When you look at the pictures of a weak, dying and helpless African woman being carried from a bed on the floor, you can be forgiven for thinking that you are watching a scene from 30 years ago during Ethiopia's famine.
What you are in fact looking at, is a well-meaning act of kindness by Bob Geldof and his musicians and it's all happening in an Africa of the 21st Century.
It is of course good that the 63-year-old veteran Irish musician is trying to help fight the spread of Ebola.
But there is another perspective which says in his effort to assist, the beginning of the video inadvertently portrays the mother continent as a place of disease, death and destruction.
Don't get me wrong - help is needed, urgently. Ebola has already killed 5,700 people since it was identified in March.
And the money generated by the song, which includes artists such as U2's Bono, One Direction, Seal and Angelique Kidjo, will no doubt go a long way in assisting the fight against the virus.
However, a new Africa has emerged since that famine of biblical proportions in Koram, with rapid economic growth on the continent.
This important milestone gets lost in the maze of Geldof and his noble efforts.
This is what musician Fuse ODG told the BBC: "There's a lyric that says: 'No peace and joy in West Africa this Christmas' but there's going to be peace and joy in West Africa.
"Ebola is only in three countries, Sierra Leone, Guinea and Liberia."
'Dread and fear'
"They said no joy and peace in Africa this Christmas, what do you say?" is an online campaign which has also been started by those wanting to show a different perspective of the continent.
"I think the [Band Aid 30] song is a great initiative," Keno Ogbo, a British-Nigerian and one of the creators of WeKnowitsChristmas.com, external, told the BBC's Newsday programme.
"[But] the pain I felt when I heard the lyrics - they just didn't showcase the West Africa I know," she said. "The song is a question… and there needs to be an answer and the answer is obviously: 'We know it's Christmas.'
"Even in the Ebola countries, we have people saying: 'We know it's Christmas here, it's not dread and fear all the time; we still have hope in the midst of what's going on'."

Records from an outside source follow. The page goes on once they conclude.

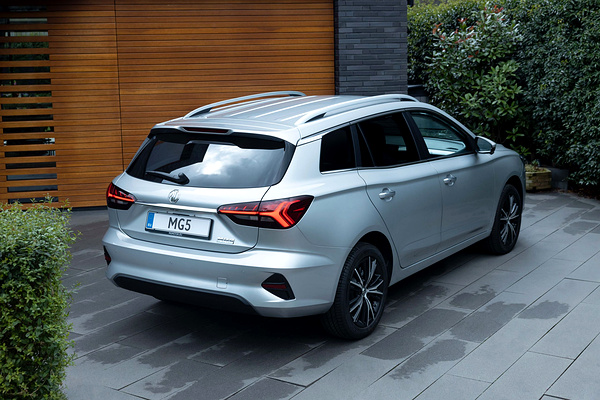 MG MG5 Electric Long Range exterior view
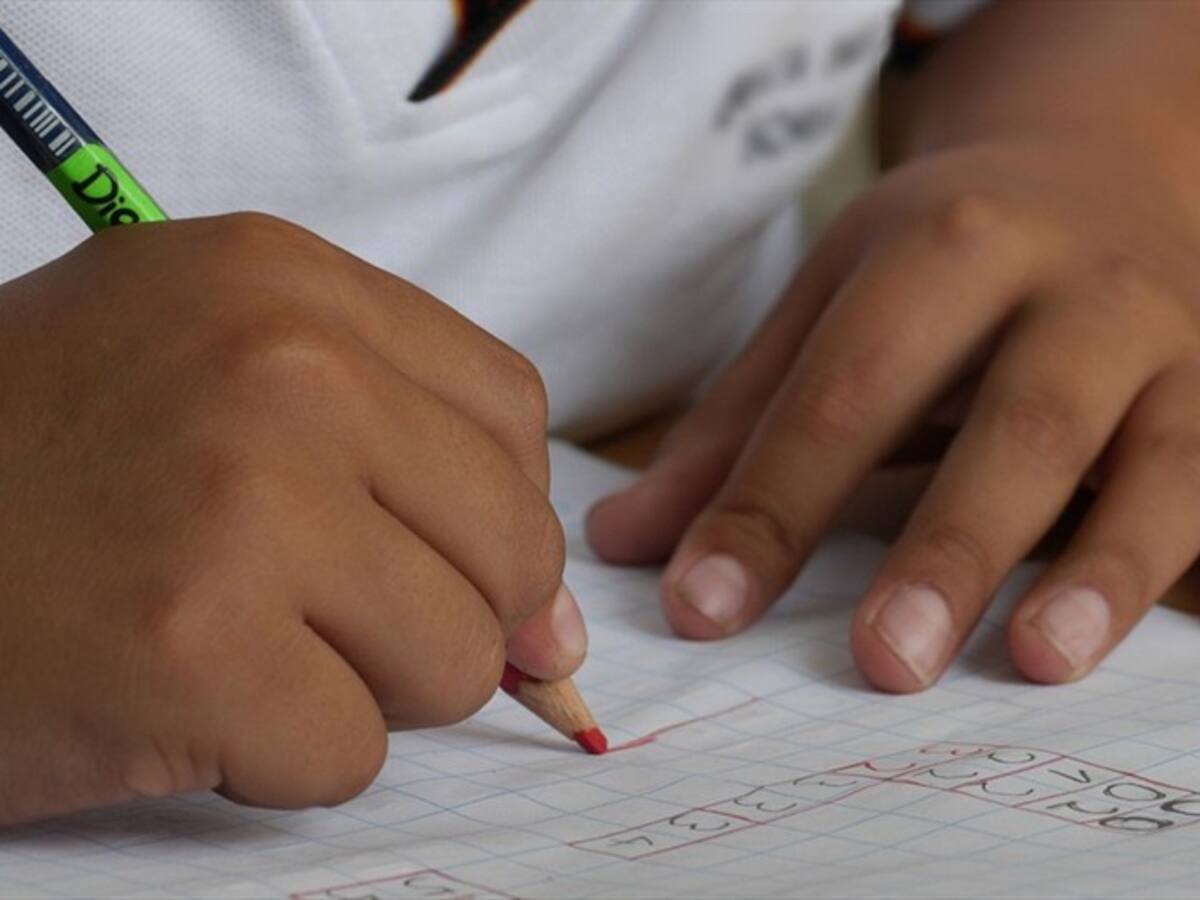 A falta de internet, un colegio en Magangué llevó sus clases a la televisión y la radio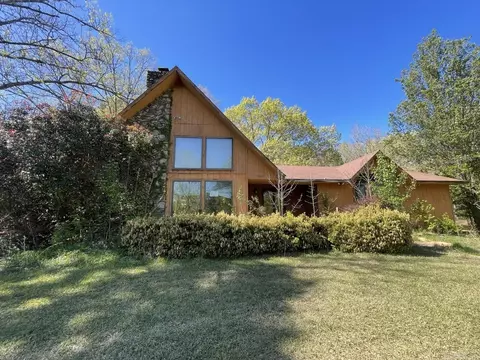 2800 Meadow Rdg, Benton, AR 72019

African musicians have also released their own Stop Ebola song performed by Salif Keita, Tiken Jah Fokoly, Amadou and Mariam, Oumou Sangare and others under the hashtag #yesweknowitschristmas, external.
'Blonde lady'
And rich Africans are also contributing their own money.

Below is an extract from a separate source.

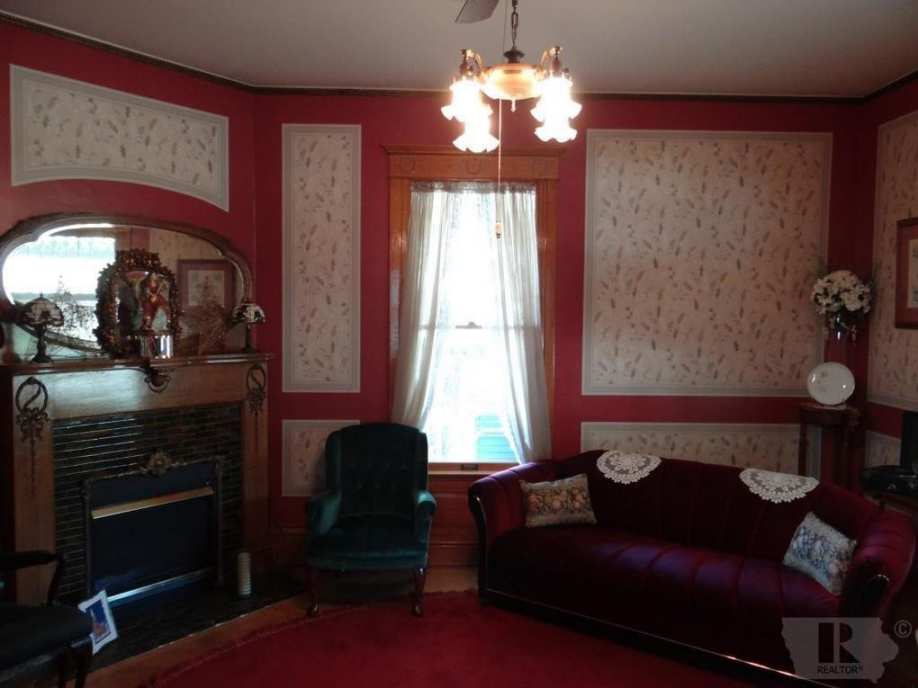 c. 1900 Queen Anne Le Mars, IA Old House Dreams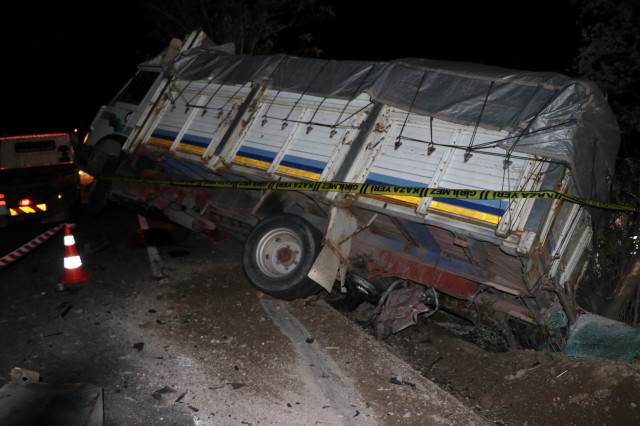 Nevşehir'de Katliam Gibi Kaza! Kamyonet ile Otomobil Çarpıştı: 5 Ölü, 4 Yaralı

Nigeria's Aliko Dangote, Africa's richest man, donated $5m (£3m) of his personal money to the Ebola fund. He was followed by South Africa's richest black man Patrice Motsepe with $1m.

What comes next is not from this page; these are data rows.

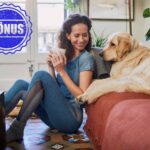 ragazza seduta vicino al cane e grafica bonus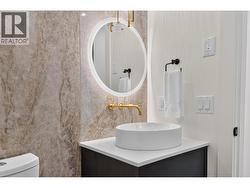 Powder room for guests - 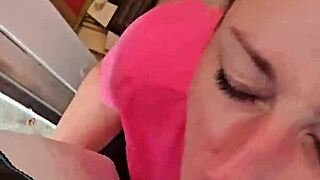 On a ona se rozdivočí s deepthroat sezením doma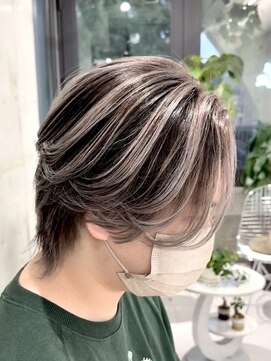 シエラ 堀江(CIERA.) ジェットモヒカンパズカットガイルヘアメンズカット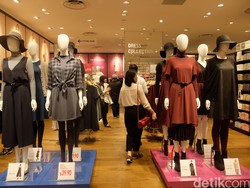 Foto: Mengintip Flagship Store Uniqlo di Singapura yang Punya 350 Manekin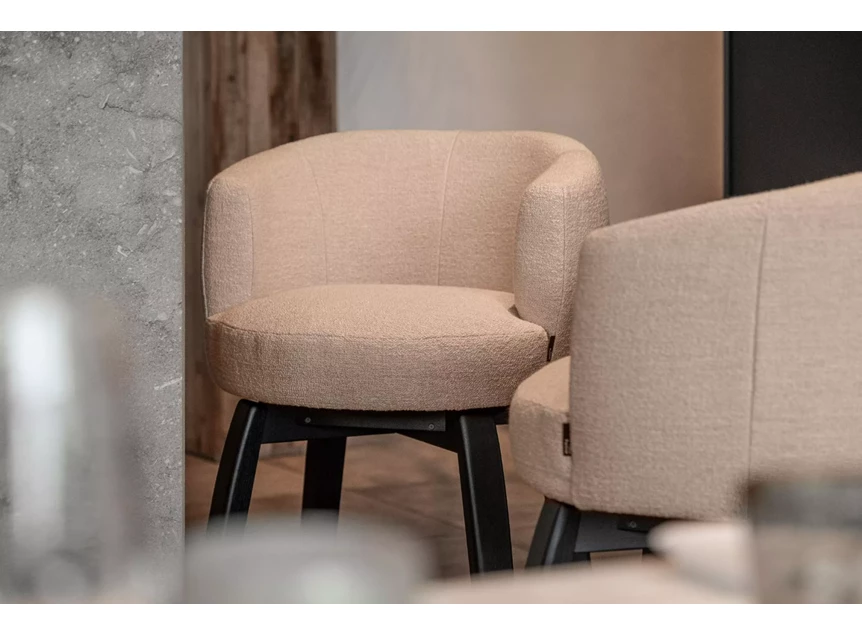 Zijde Lage barstoel Chena stof beige houten poot Passe Partout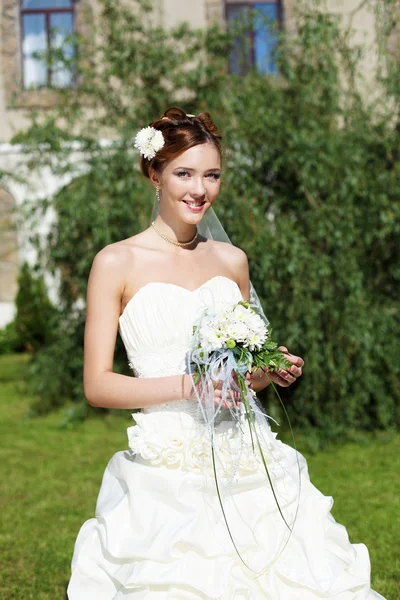 Retrato de uma jovem noiva em um vestido branco — Fotografia de Stock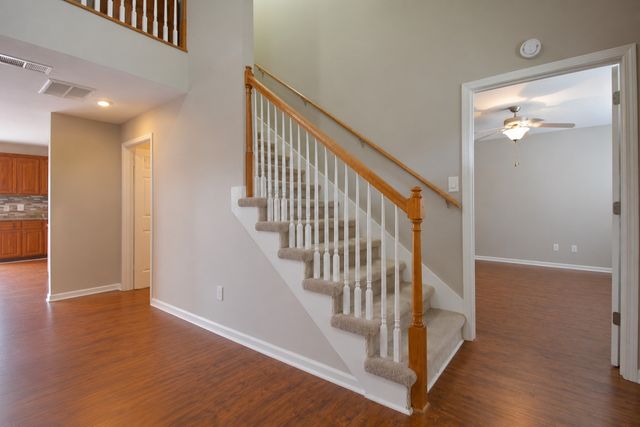 103 Shore Dr, White House, TN 37188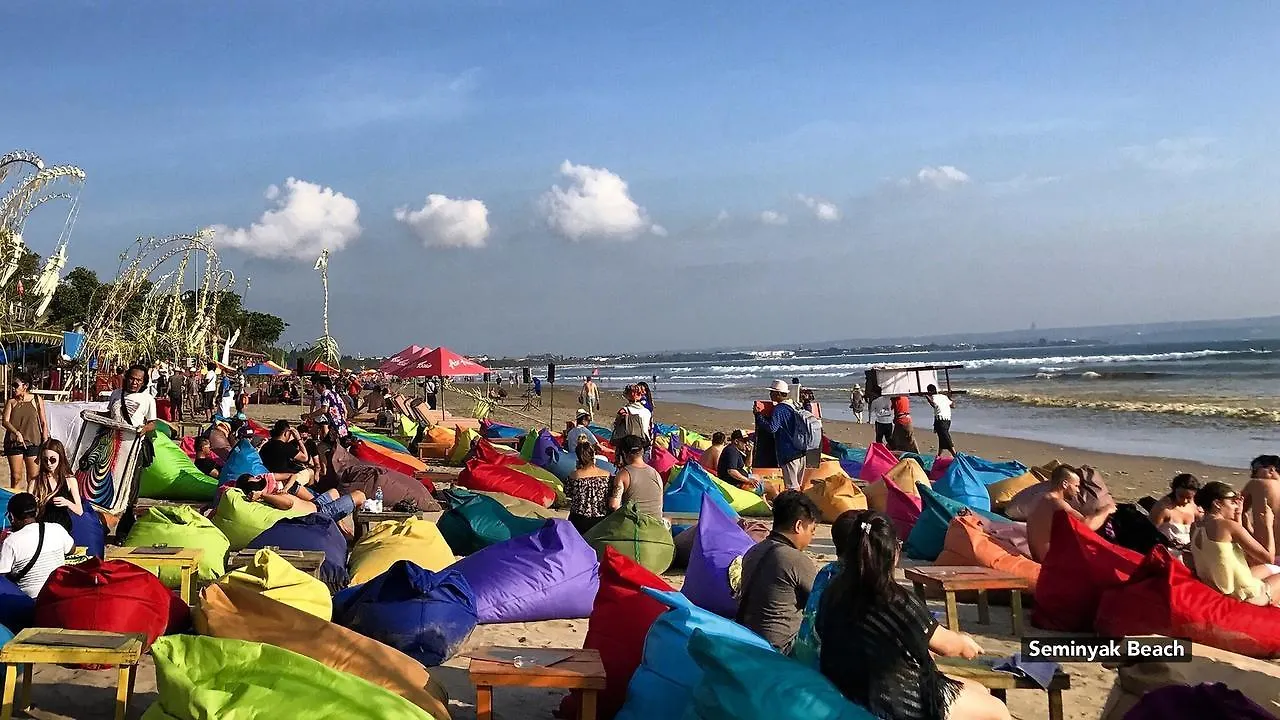 Zen Rooms Seminyak Pangkung Sari ホテル スミニャック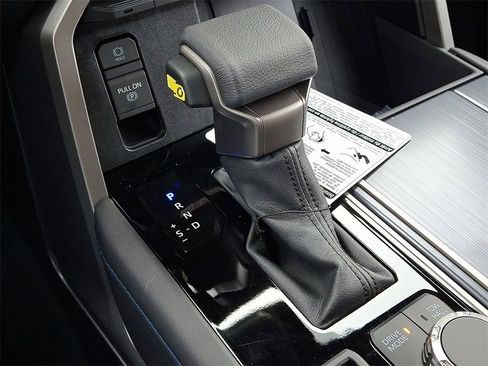 New 2026 Toyota Sequoia Platinum image 9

This month, Africa's businessmen gathered, ironically, in Ethiopia to pledge over $30m to help contain the spread of the virus.
There are many people on the continent who hope that media organisations will highlight the fact that Africans are not lying down in a complete state of helplessness, waiting for Europeans or Westerners to come and save them.
All too often, they watch news bulletins on their TV screens, portraying Africans as weak in either a UN refugee camp or a WFP feeding point, whilst a young, often beautiful blond lady, is explaining to the world what's wrong with their village or town.
Observers say the daily diet in news packages show white middle-aged men in dark suits, white shirts and ties meeting in Brussels or such places trying to solve the problems of the world, whilst the black men are carrying machetes, guns and sticks chasing innocent women and children.
The time has come for those who are fighting on the side of the besieged African villager to acknowledge that Africans are helping themselves. Ebola 2014 is not Ethiopia 1984.
Geldof should not stop his support for Africa, he is a much-loved figure for many of us down here.
But perhaps he should have brought in a lot more Africa-based musicians to be a part of his project. That would have helped tackle the notion that Africans are just perpetual recipients of foreign aid.